Right then. As a potential paramedic, is there really any point to doing drama? PE is the best one and her music is excellent, so do it. Drama seems to be a lot of work and use of free time when she could be doing something more useful like joining the St John's Ambulance Service (althoughot sure if she is old enough) but you see what I mean. Grades mean everything so why compromise what she needs with spending time doing what is irrelevant (and I say that as a Mum with 2 x DDs who got A*s at Drama, but they had the best teaching in the country!).

catslife Fri 01-Jul-16 11:54:12

Have the school explained the reasons for the £400 payment? Is this to cover the cost of transport from one school to another or for something else. If your child is at a state school then there should be a policy for charging parents. If it's an independent school on the other hand, it is allowable.

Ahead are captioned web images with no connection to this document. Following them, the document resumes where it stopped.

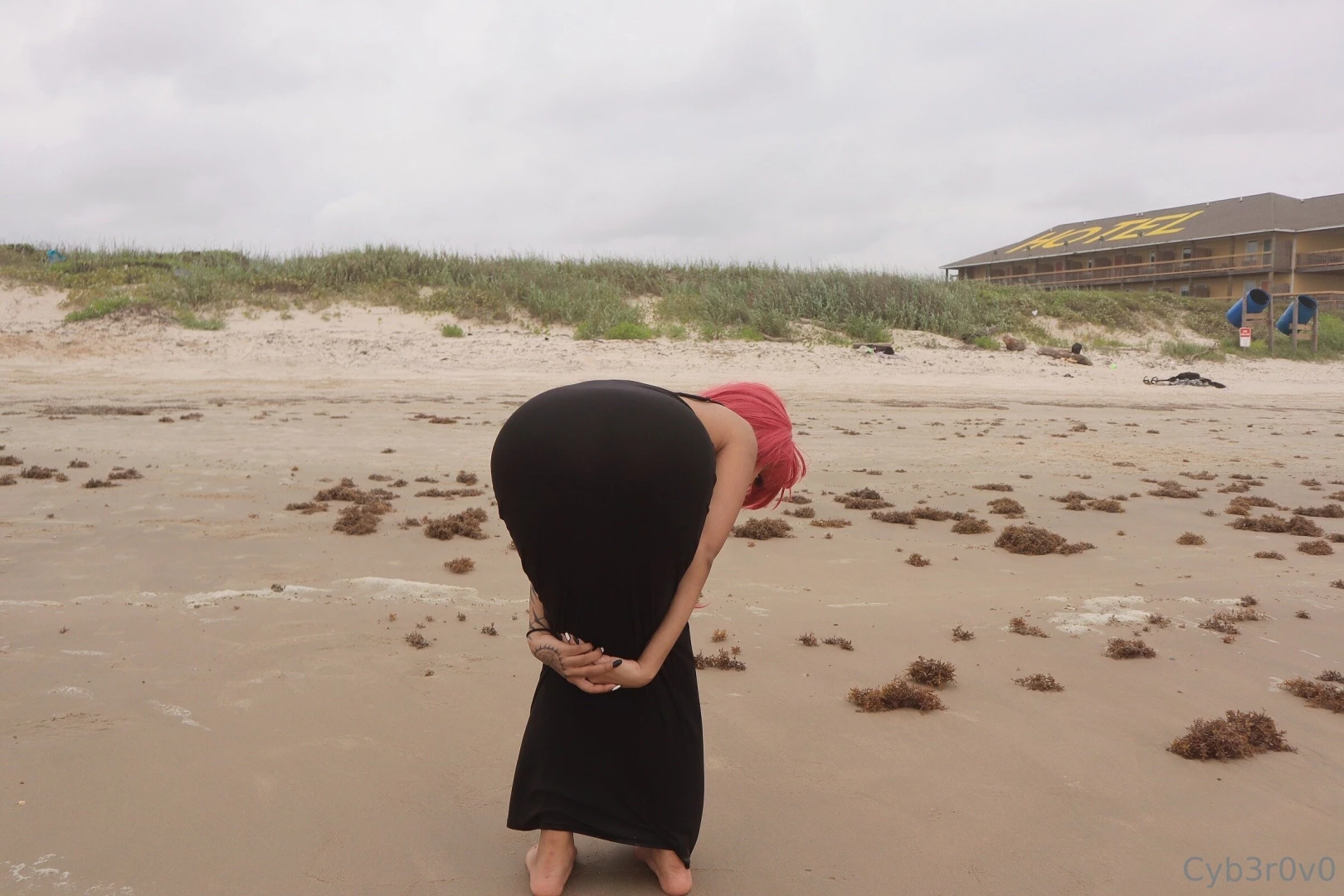 Wanna see what my dress is hiding part 1 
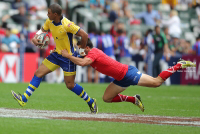 Pictures from 2014 Cathay Pacific / HSBC Hong Kong Sevens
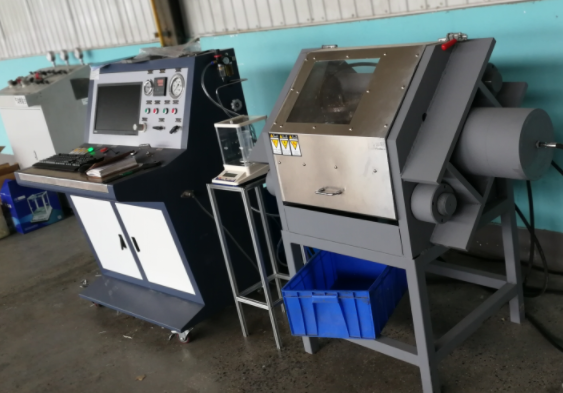 球閥閥門壓力試驗機(jī)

bojorojo Fri 01-Jul-16 12:00:31

The performance of other students does not really pull the grade of an individual down for the performance element, but they devise the performance piece as a group. If they are not strong, motivated, well led and well taught, the whole group can stuggle. They must have sufficient ideas and possess some theatrical expertise and knowledge. The mark is likely to be lower for everyone if the piece is simply not strong enough. It must follow the brief and be a group piece, not a solo effort. It is not all marked on individual performance but this can often only be as good as the piece allows. There are also written exams and you have to study plays. LAMDA exams might be worth looking at, but my DDs did both GCSE and LAMDA to a high level, were involved with numerous school plays/musicals and went to the theatre a lot, with school and with me. If all of this is in place, an A* is easy!

Chewbecca Fri 01-Jul-16 19:43:05

Not sure that drama would be very useful given your child's aspirations. I would encourage them to concentrate on getting the grades they need in the subjects they need & maybe doing relevant extra curricular?

FiveHoursSleep Sat 02-Jul-16 12:29:31

Still not sure what we are going to do, but do you all think it's imperative that kids' GCSE choices reflect what they say they want to do at that point in life?
DD is doing PE, maths, English and science, and is on track to get 6/7s and above from what her teachers can tell. I am aware that she may well change her mind about what she wants to do, but as long as she's doing subjects that cover the entrance criteria, does it matter if her other subjects have nothing to do with her future job?